More Than a Single Solution: A Platform for Future Innovation
The most significant advantage of building such a robust pipeline is that it's not limited to a single use case. This is possible because the platform was designed not as a rigid pipeline, but as a smart "co-pilot" for the scientist. At its heart is an active learning engine, which can be equipped with different datasets, generative methods and analytical tools to optimally train models for specific use cases.
Now, with this foundational work on protein engineering, we can apply the same framework to the project's next stages. This modularity is what unlocks the platform's true potential. By simply swapping the data inputs and tools, the same engine that optimizes enzymes can be pointed at entirely new challenges across the life sciences. For instance, it could be combined with multi-agent setups for steering patient treatment, or genomic selection and vision AI methods for advanced precision agriculture. This is the essence of our approach: building not just one-off solutions, but powerful, adaptable platforms that can accelerate innovation across the entire landscape of Life Sciences.

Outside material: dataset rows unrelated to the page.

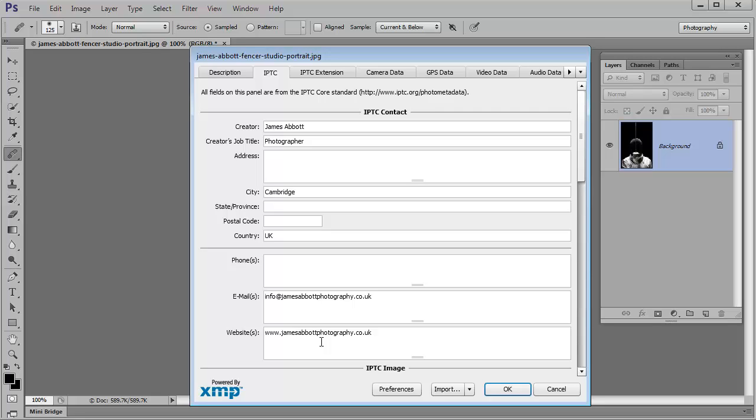That's all you need to do. And it can make such a difference putting these few pieces of information into your images. As I say, it's not going to stop people using them without permission, but you know that you've done everything you can to make it possible to contact you.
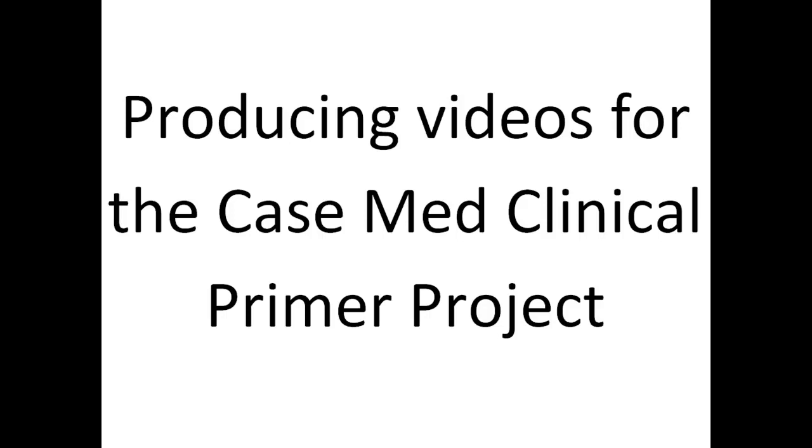My name is Anita, and I wanted to provide instructions for recording and producing videos for the CaseMed Clinical Primer Project.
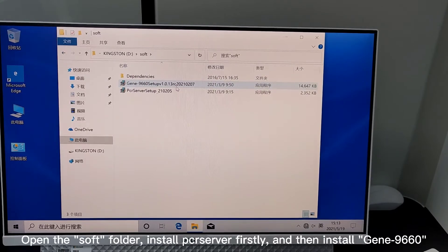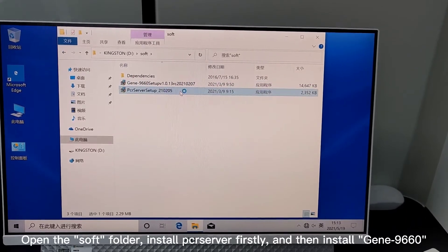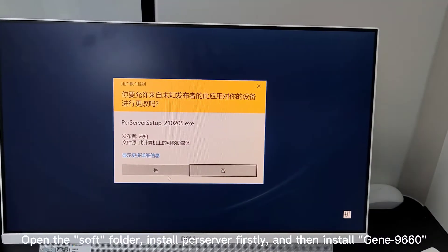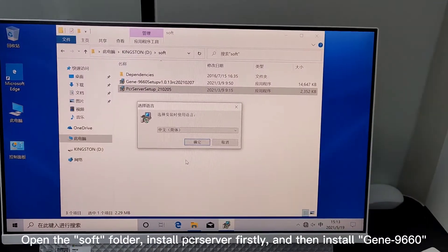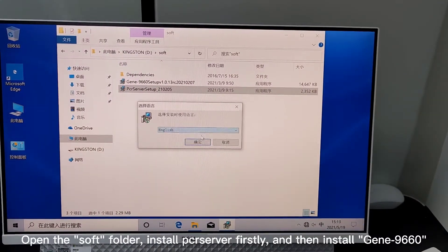Open soft folder. Install PCI server firstly and then install GIN 9660.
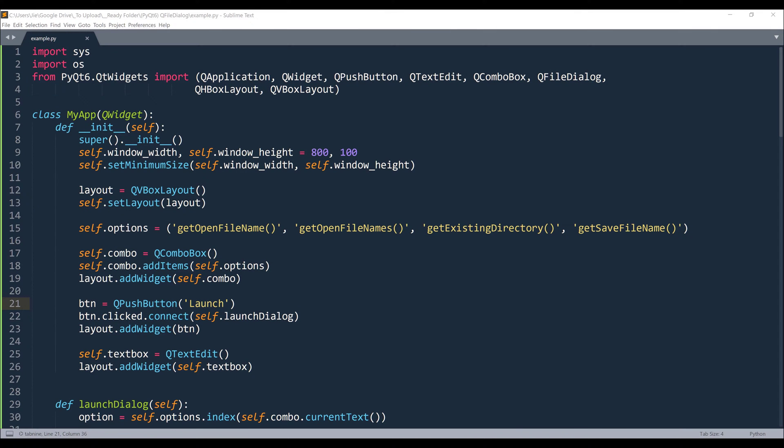Hey, how's it going guys? In this tutorial, I will cover how to use the QFileDialog widget in PyQt6.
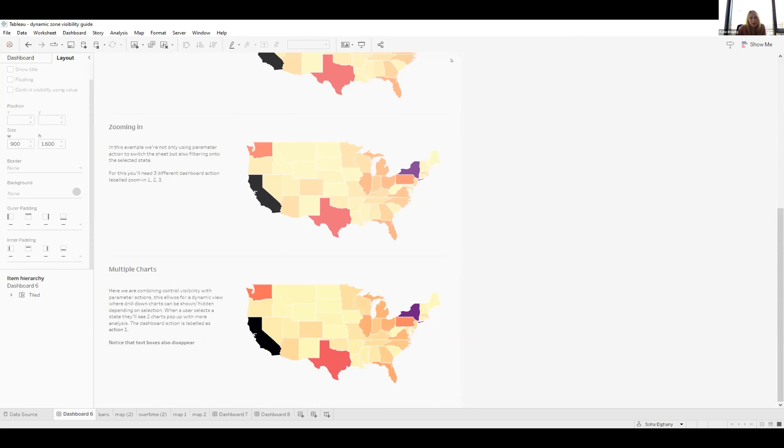James, are you ready to go ahead? Thank you, Soha, for that brilliant presentation. I'm sure this is going to take a lot of Tableau dashboards to the next level, and we'll see a lot more Viz of the Days using these dynamic actions.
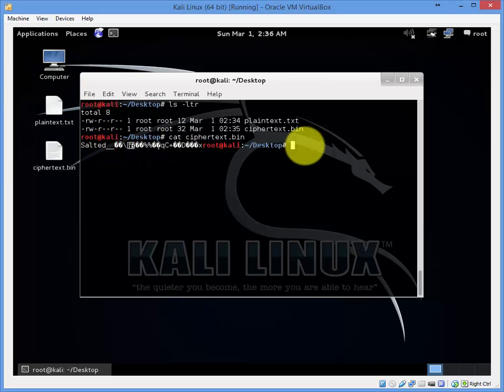To view it you can use a hex dump tool. Simply type hd and the file name.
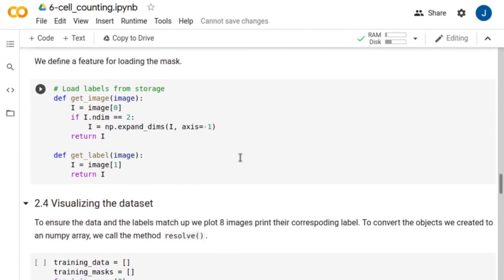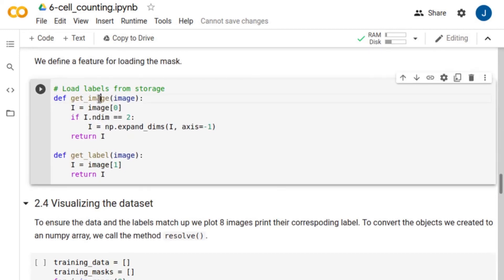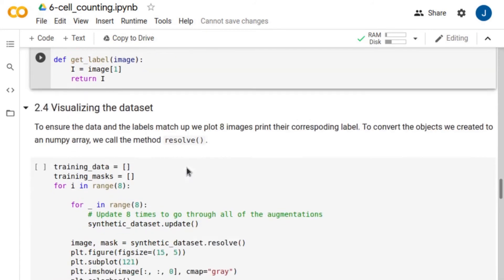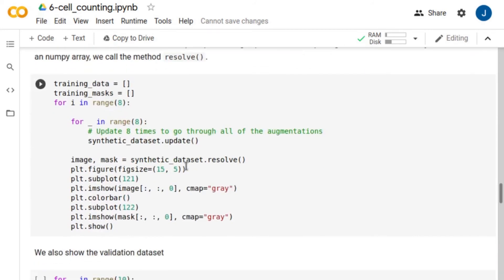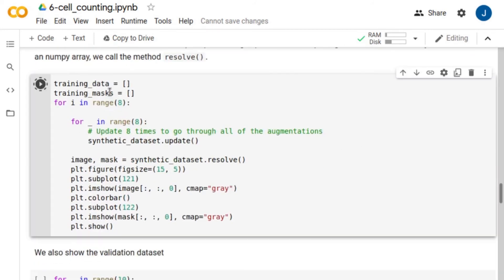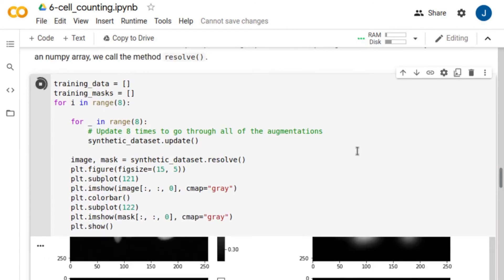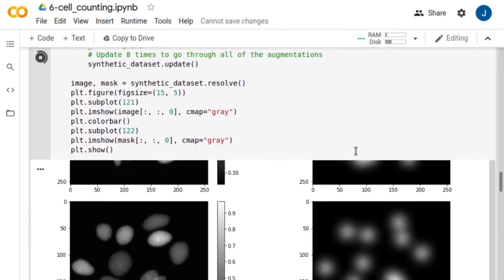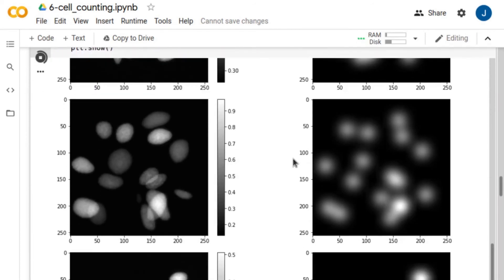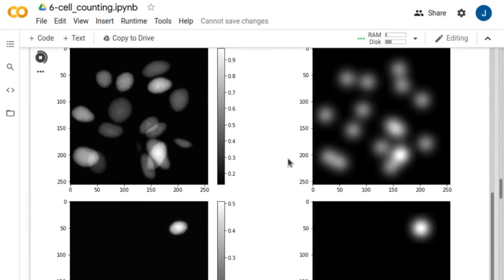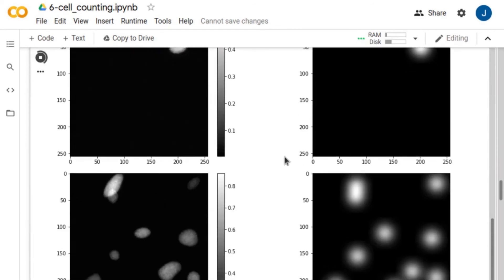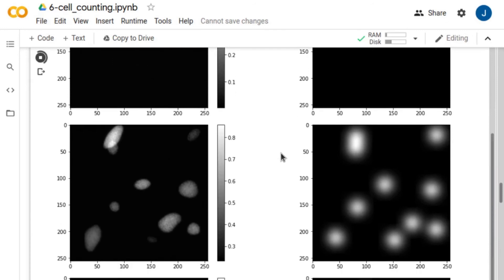Next, we define these two functions to retrieve the images and labels from the combined dataset. Let's visualize some image examples and their corresponding labels. For training, these are synthetic cell images.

Conclusion: A New Paradigm for Biological R&D
The protein design space is one of the most exciting frontiers in technology, representing a massive leap forward in our ability to partner with biology. For the first time, we are moving beyond decoding biology and beginning to reshape it. We can design enzymes from scratch, rewrite metabolic pathways and create biological systems that never existed before. Each new discovery brings us closer to true "protein fluency": the ability to read, write, and edit the language of life itself.
deCYPher represents this vision in its purest form. By uniting advanced machine learning with modern biotechnology, it opens a sustainable path for innovation. It accelerates discovery, reduces environmental burden and empowers researchers to tackle the challenges that matter most. It signals a future where AI does not simply analyze biology but works alongside it, transforming synthetic biology, active learning, and protein design into engines for a more sustainable world.